Vivi com ele a primeira grande aventura da minha vida num maravilhoso Setembro de 1970: um Volkswagen Variant com porta-bagagens em cima, uma tia sexagenária, uma miúda de 12 anos, um garoto de 8, a mãe, o bebé com 4 meses e o pai ao volante. As roupas e necessaires iam em cima, em grandes malas e o espaço traseiro do carro tinha sido transformado numa espécie de nurserie do menino: tinha caixas forradas a azul e etiquetadas com as roupas de bebé, as fraldas, os biberons, as papas, um fogão Campingaz e alguns apetrechos de cozinha, e uma alcofa, que porta-bebés ainda era praticamente um produto de ficção científica.

E então fomos estrada fora, depois duma preparação concisa através de mapas e trajectórias alternativas fornecidas pelos experts do ACP, rumo a Solingen, perto de Colónia, na Alemanha, onde morava a Line, a filha mais nova da tia Eugénia.

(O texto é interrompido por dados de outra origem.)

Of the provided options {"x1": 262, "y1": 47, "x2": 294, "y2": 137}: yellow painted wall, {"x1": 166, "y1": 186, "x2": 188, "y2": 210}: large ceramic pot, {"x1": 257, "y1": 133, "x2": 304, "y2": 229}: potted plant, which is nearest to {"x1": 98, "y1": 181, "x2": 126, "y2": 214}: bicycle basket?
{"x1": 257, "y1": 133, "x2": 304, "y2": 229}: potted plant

A primeira paragem foi em Talavera de la Reina, onde pernoitámos num simpático Hostal, gerido por um casal com uma caterva de filhos, todos alegres e salerosos, e onde o meu pai abriu a primeira garrafa da colheita especial ”para levar para a Alemanha”, que guardava zelosamente. Os hospedeiros eram de uma simpatia e amabilidade contagiantes, pondo de imediato ao dispor das senhoras a cozinha e outras facilidades necessárias para tratar das crianças. A ideia que me ficou dos espanhóis é a de pessoas afáveis, alegres e fantásticas, o que me leva a crer que a geração pós-franquista degenerou significativamente.

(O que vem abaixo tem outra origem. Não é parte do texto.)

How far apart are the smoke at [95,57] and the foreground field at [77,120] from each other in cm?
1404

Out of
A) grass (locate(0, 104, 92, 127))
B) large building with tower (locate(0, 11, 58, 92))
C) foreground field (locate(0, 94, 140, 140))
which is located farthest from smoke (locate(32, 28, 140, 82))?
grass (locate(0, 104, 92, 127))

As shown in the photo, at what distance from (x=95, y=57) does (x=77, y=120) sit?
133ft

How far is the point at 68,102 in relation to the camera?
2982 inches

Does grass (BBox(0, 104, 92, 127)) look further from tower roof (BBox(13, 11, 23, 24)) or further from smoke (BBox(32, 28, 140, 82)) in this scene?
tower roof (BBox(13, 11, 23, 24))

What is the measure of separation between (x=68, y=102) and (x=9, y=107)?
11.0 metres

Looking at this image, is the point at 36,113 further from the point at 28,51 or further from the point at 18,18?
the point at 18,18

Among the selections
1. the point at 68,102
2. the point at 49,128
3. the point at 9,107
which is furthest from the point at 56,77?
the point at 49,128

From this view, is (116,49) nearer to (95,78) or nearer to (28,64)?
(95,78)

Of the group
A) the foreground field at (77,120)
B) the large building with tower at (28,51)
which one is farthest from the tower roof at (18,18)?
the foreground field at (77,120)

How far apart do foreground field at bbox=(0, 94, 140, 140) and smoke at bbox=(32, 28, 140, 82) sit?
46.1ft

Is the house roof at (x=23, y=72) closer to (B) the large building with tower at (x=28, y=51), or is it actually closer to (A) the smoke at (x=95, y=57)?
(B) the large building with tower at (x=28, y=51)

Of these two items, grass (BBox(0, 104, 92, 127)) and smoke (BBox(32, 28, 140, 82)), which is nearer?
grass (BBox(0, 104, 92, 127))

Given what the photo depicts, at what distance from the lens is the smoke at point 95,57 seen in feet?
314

De Talavera de la Reina partimos para mais uma tirada até Zaragoza e depois até à Costa Brava, com paragem obrigatória em Barcelona - a Costa Brava é linda, grandiosa, magnífica - e atravessámos outra fronteira já na subida para os Pirenéus, para pernoitar em Perpignan, noutra pousada gerida por outro casal espectacular, onde pus pela primeira vez à prova os dotes linguísticos que adquiri num único ano de francês. A verdade é que me safei muito bem e a partir daí tomei-lhe o gosto.

Saídos de Perpignan, seguimos por uma via a que chamavam autoestrada – Uau !!! – e almoçámos num sítio totalmente práfrentex, chamado área de serviço. A caminho de Dijon, onde pernoitámos, pela primeira vez num hotel de luxo, atravessámos a pior tempestade eléctrica que vi na minha vida que culminou com uma chuva torrencial de proporções bíblicas. Foi uma noite aterradora e praticamente insone; nos breves minutos que conciliávamos o sono éramos despertados abruptamente por hordas de hunos gritantes, que nos bombardeavam sem cessar. Em concílio familiar ficou decidido que no dia seguinte era uma directa até Colónia e pronto, mas não sem antes passar no Luxemburgo para deixar uma encomenda que um amigo por lá emigrante nos tinha pedido para levar.

Depois das peripécias do costume, qual bando de ciganos chegámos à grandiosidade do Luxemburgo, que se atravessava nuns meros 20, 30 minutos. O pai estacionou numa bomba de gasolina, para atestar e pedir direcções. O funcionário que o atendeu ere jugoslavo e falava apenas  a sua língua e um mau italiano; tanto quanto o pai entendeu, tínhamos de atravessar duas pontes e virar na via sinistra. Transmitidas as indicações ipsis verbis, as palavras caíram que nem raios na população da Variant, que depois de uma noite terrífica, queria tudo, menos ir para a via sinistra. Novo concílio: não se entregava qualquer encomenda e era o toca a sair de imediato daquele funesto país.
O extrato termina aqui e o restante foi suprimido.